Given data —
.....

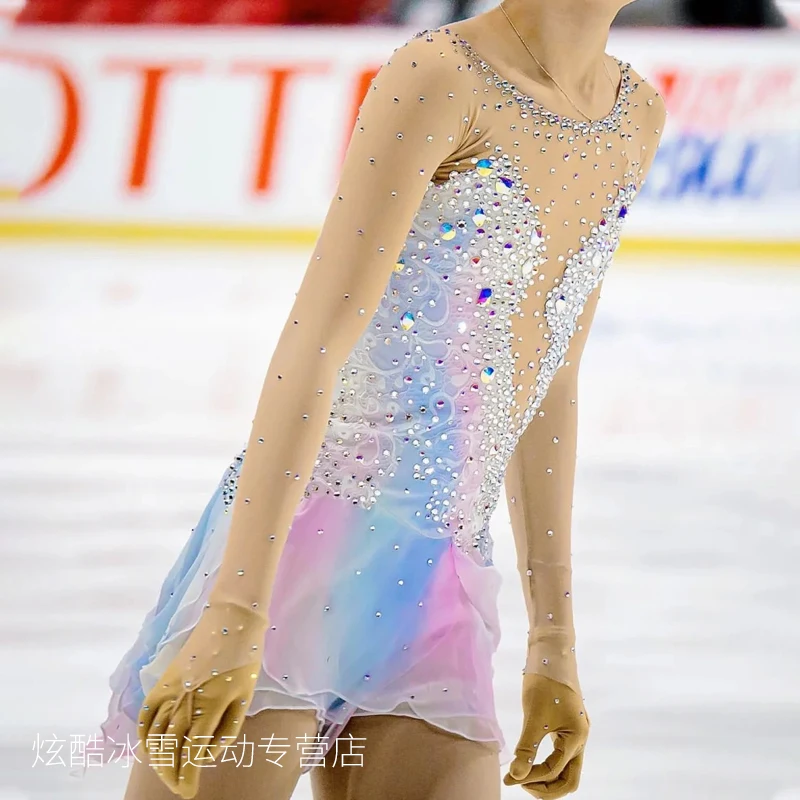 Disfraz de patinaje artístico para mujer, traje de actuación, personalizado, azul, nuevo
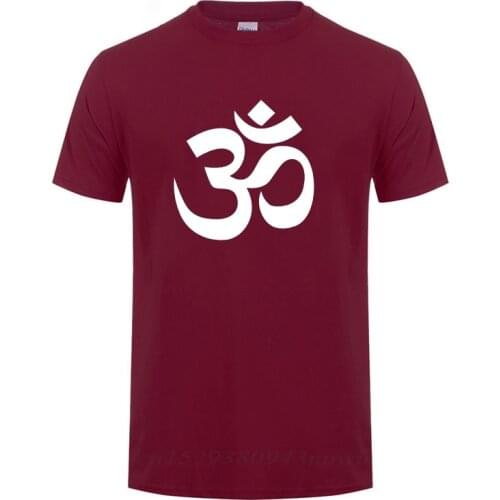 OM AUM SYMBOL Relaxation T-Shirt For Male Men Funny Cotton Short Sleeve Streetwear JN BUDDHISM OM MANI PADME HUM T Shirt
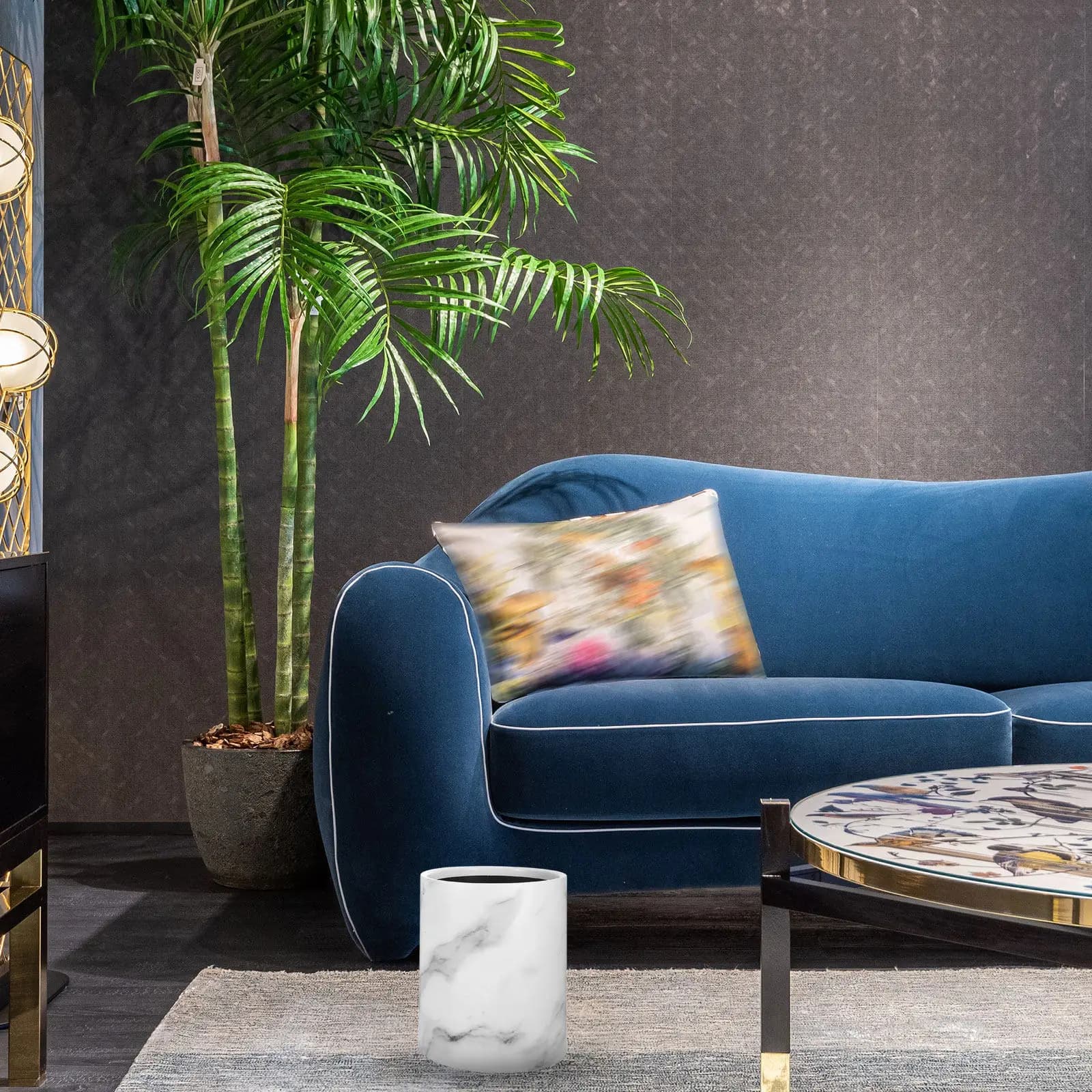 Cestino per Rifiuti dal Design Moderno in Marmo, Bidone della Spazzatura a Doppio Strato in Plastica per Casa e Ufficio, Ampia Apertura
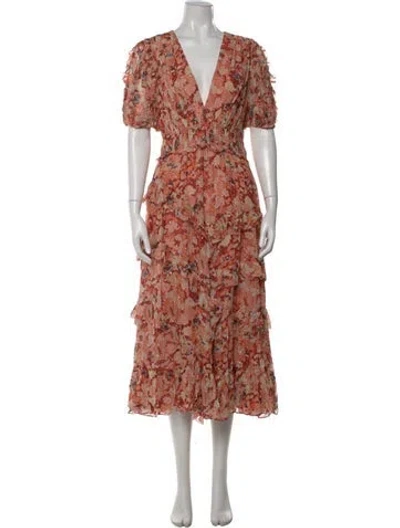 Pre-owned Ulla Johnson Silk Long Dress In Pink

.....

Work order — Extract exactly the lines above from the line containing "OM AUM SYMBOL" through the last one, both ends included, but not the pictures.

Task result —
 OM AUM SYMBOL Relaxation T-Shirt For Male Men Funny Cotton Short Sleeve Streetwear JN BUDDHISM OM MANI PADME HUM T Shirt
 Cestino per Rifiuti dal Design Moderno in Marmo, Bidone della Spazzatura a Doppio Strato in Plastica per Casa e Ufficio, Ampia Apertura
 Pre-owned Ulla Johnson Silk Long Dress In Pink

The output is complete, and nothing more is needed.